= Beginning of Section =
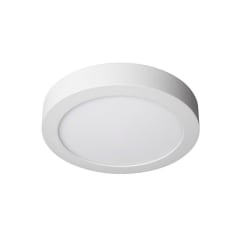 PANEL LED SOBREPUESTO REDONDO 18W FRIO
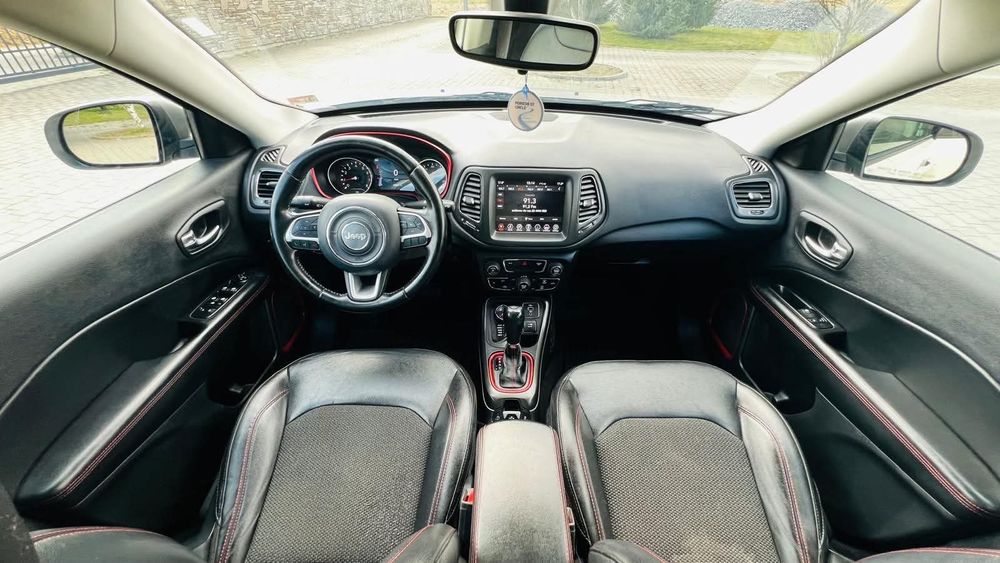 Jeep Compas trailhawk 2020r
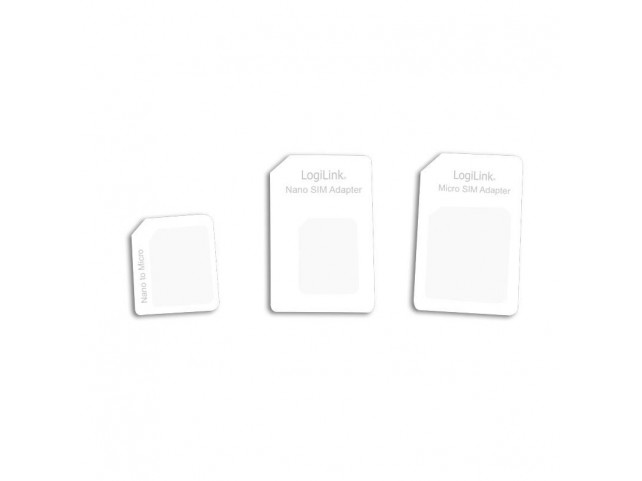 LogiLink AA0047 Dual Sim Card Adapter  
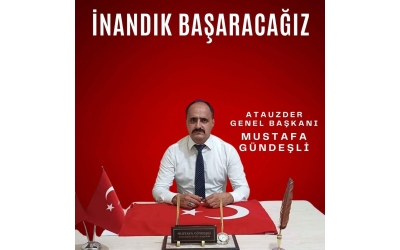 Atanamayan Uzmanlar Derneği (ATAUZDER) hakları için yetkililere sesleniyorlar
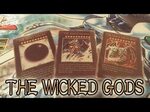 YUGIOH! The Wicked Gods Custom Holo Cards (Manga) - YouTube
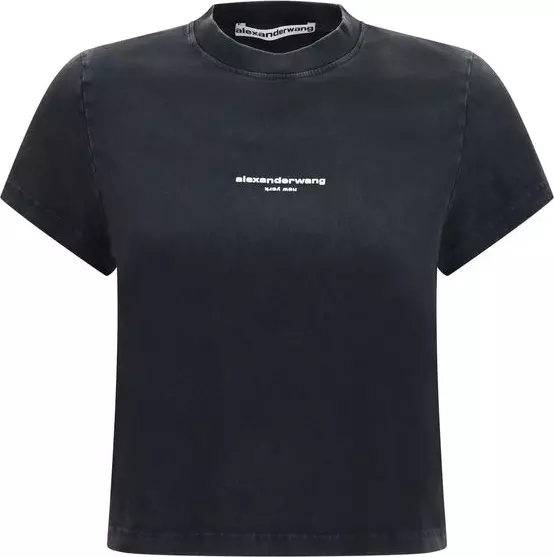 Gray Cotton T-Shirt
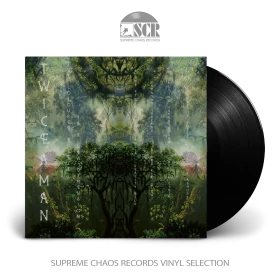 TWICE A MAN · The Coloured Breeze Is A New Dimension | BLACK LP (Electronic/Darkwave Vinyl)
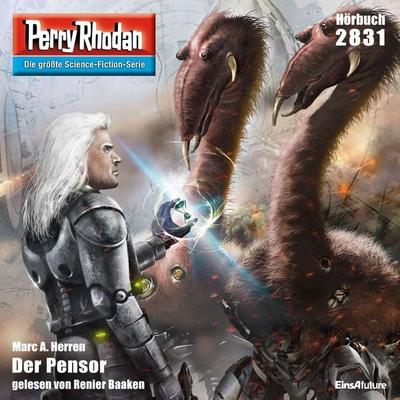 Perry Rhodan 2831: Der Pensor - Marc A. Herren, Audio, 4057664022370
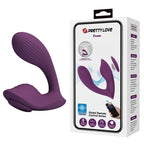 PRETTY LOVE FRANZ App controlled wearable clip-on vibrator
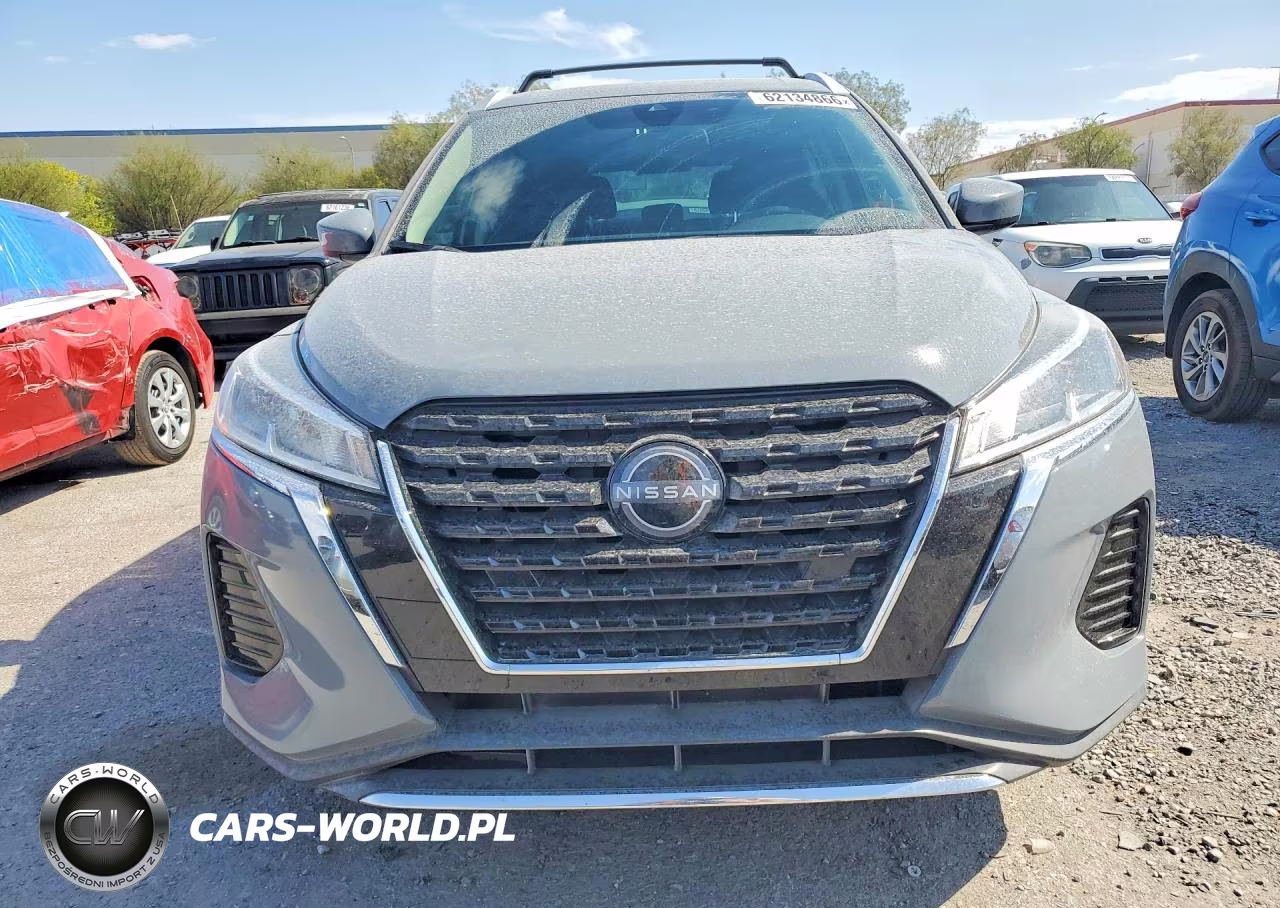 2024 Nissan Kicks Sv VIN:3N1CP5CV4RL526258 - 5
= End of Section =
» Task to carry out
No pictures should appear in the copy. Print exactly the lines above from the line containing "Atanamayan Uzmanlar Derneği" through the last line of the data.

» Reply to the exercise
 Atanamayan Uzmanlar Derneği (ATAUZDER) hakları için yetkililere sesleniyorlar
 YUGIOH! The Wicked Gods Custom Holo Cards (Manga) - YouTube
 Gray Cotton T-Shirt
 TWICE A MAN · The Coloured Breeze Is A New Dimension | BLACK LP (Electronic/Darkwave Vinyl)
 Perry Rhodan 2831: Der Pensor - Marc A. Herren, Audio, 4057664022370
 PRETTY LOVE FRANZ App controlled wearable clip-on vibrator
 2024 Nissan Kicks Sv VIN:3N1CP5CV4RL526258 - 5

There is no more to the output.